Reinforcement Learning 101

May 16, 2024

Introduction

Reinforcement learning is a framework for learning how to interact with the environment from experience.

- Steve Brunton, University of Washington

Reinforcement learning (a.k.a RL) is a machine learning paradigm where an agent (AI) learns to interact with an environment to achieve a goal. The agent learns through trial and error. It receives feedback in the form of rewards or penalties for its actions. Hence, the agent’s goal is to maximize the total reward it receives over time.

Different from supervised or unsuperivsed learning, our agent receives as input the current state of the environment and outputs an action to take.

RL terminology

A RL process is often referred to as a Markov Decision Process (MDP). If you are familiar with MDPs or Markov chains, you’d have guessed that the transition from one state to another is memoryless. That is, the next state depends only on the current state.
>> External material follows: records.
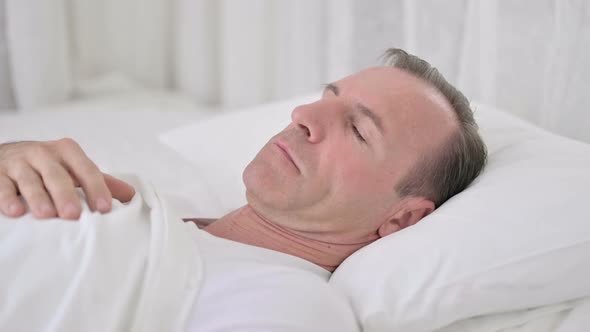 Comfortable Middle Aged Man Sleeping in Bed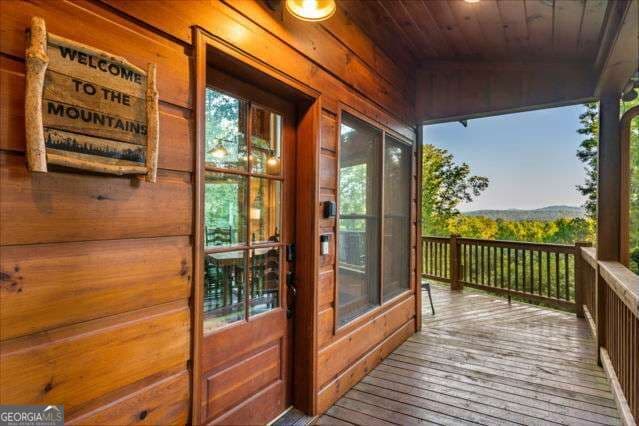 4 bedroom, 3.5 bathroom, 3,594 sq ft cabin,single family residence for sale at 34 Highland Forest Trail, Morganton, GA 30560 — photo 3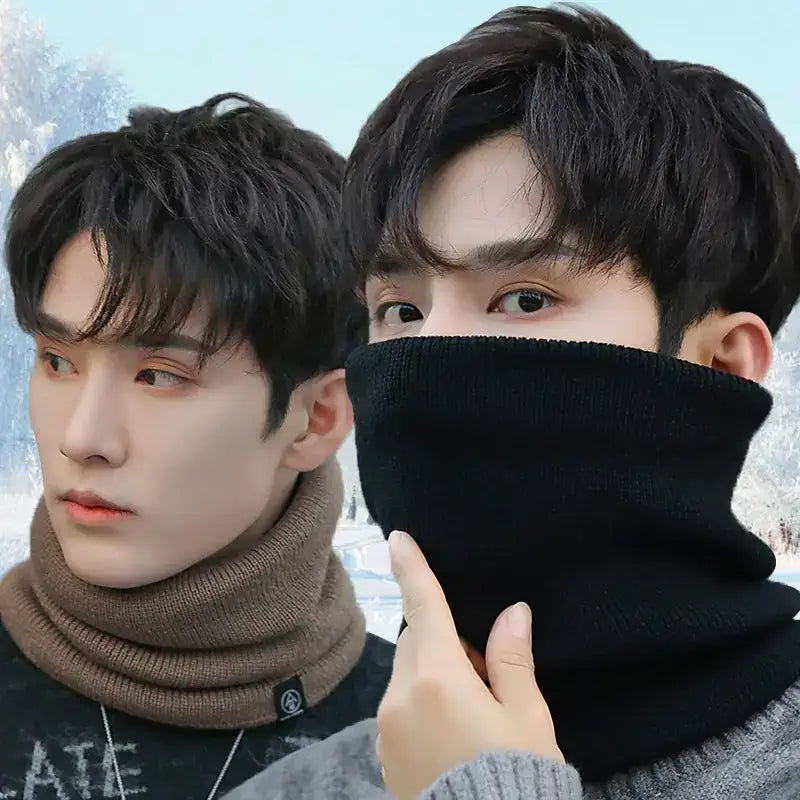 Black knitted neck warmer with ribbed texture and a small branded tag on the side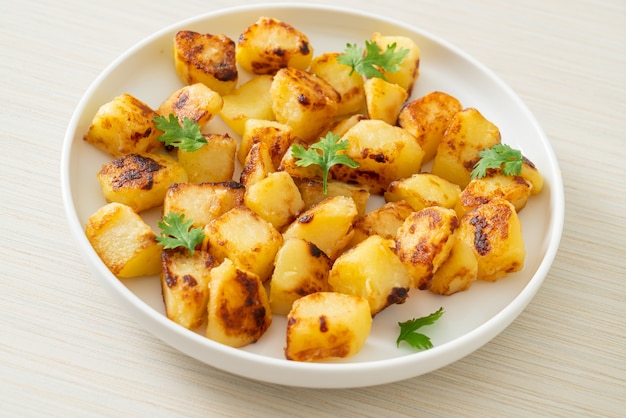 Roasted or grilled potatoes  on white plate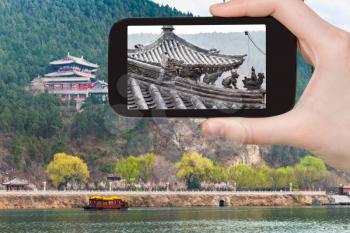 travel concept - tourist photographs temple on East Hill of Chinese Buddhist monument Longmen Grottoes in spring on smartphone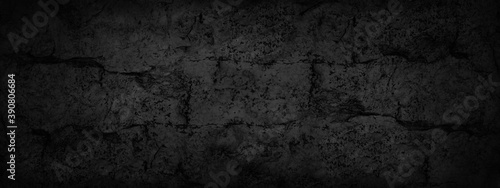 Black background. Old cracked wall texture. Dark grunge background. Web banner with rough texture.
As a matter of fact, a state $s$ in RL is a representation of the environment at a given time. The agent uses this representation to decide which action to take next and the term action space refers to the set of all possible actions the agent can take. For instance, if you are training an agent to play a game like pacman, the action space would be: $\mathcal{A} = \{ \text{up}, \text{down}, \text{left}, \text{right} \}$ .

Given that after each taken action the agent receives a reward and it aims to maximize the cumulative reward, this cumulative reward called return can be expressed as:

\begin{align*} R(\tau) &= r_{t+1} + r_{t+2} + \ldots + r_T \\ &= \sum_{t=0}^T r_{t+1} \end{align*}

$\tau$ is a trajectory and is represents a sequence of states, actions and rewards: $\tau = (s_0, a_0, r_1, s_1, a_1, r_2, s_2, \ldots, s_T)$ . We can add a new term to the return called discount rate $\gamma \in [0, 1]$ . The discount rate tells us how much we value future rewards compared to immediate ones. A high discount rate means we value future rewards more than immediate ones. Taking $\gamma$ into account we can rewrite the return as:

R(\tau) = \sum_{t=0}^T \gamma^t r_{t+1}

Tasks in reinforcement learning

An instance of a reinforcement learning problem is called a task. A task can be episodic or continuing. In episodic tasks, there is a starting state and a terminal states. Thus, there’s a trajectory $\tau = (s_0, a_0, r_1, \ldots, s_T)$ where $s_T$ is a terminal state. Think of a level in Super Mario Bros for instance, the level starts when Mario is at the beginning of the level and ends when he reaches the flag. In continuing tasks, there are no terminal states. The agent keeps interacting with the environment indefinitely (automated stock trading).

Decision making with a policy

A policy $\pi$ is a function that maps states to actions. It tells the agent what action to take in a given state. You can think of it as a heuristic or a strategy. It’s a learnable function and the goal of is to find the optimal policy $\pi^*$ that maximizes the expected return. Policy based methods define a function that can be learned directly. There are two types of policy based methods:

Deterministic policy: $\pi(s) = a$ . This policy will always output the same action for a given state.
Stochastic policy: $\pi(a|s) = P(\mathcal{A}|s)$ . This policy outputs a probability distribution over the action space for a given state.

When training an agent, we often use a value function to evaluate how good a state or action is. The value function is a function that maps a state to the expected value of being at that state. A state $s$ value is the expected discounted return starting from state $s$ and following policy $\pi$ .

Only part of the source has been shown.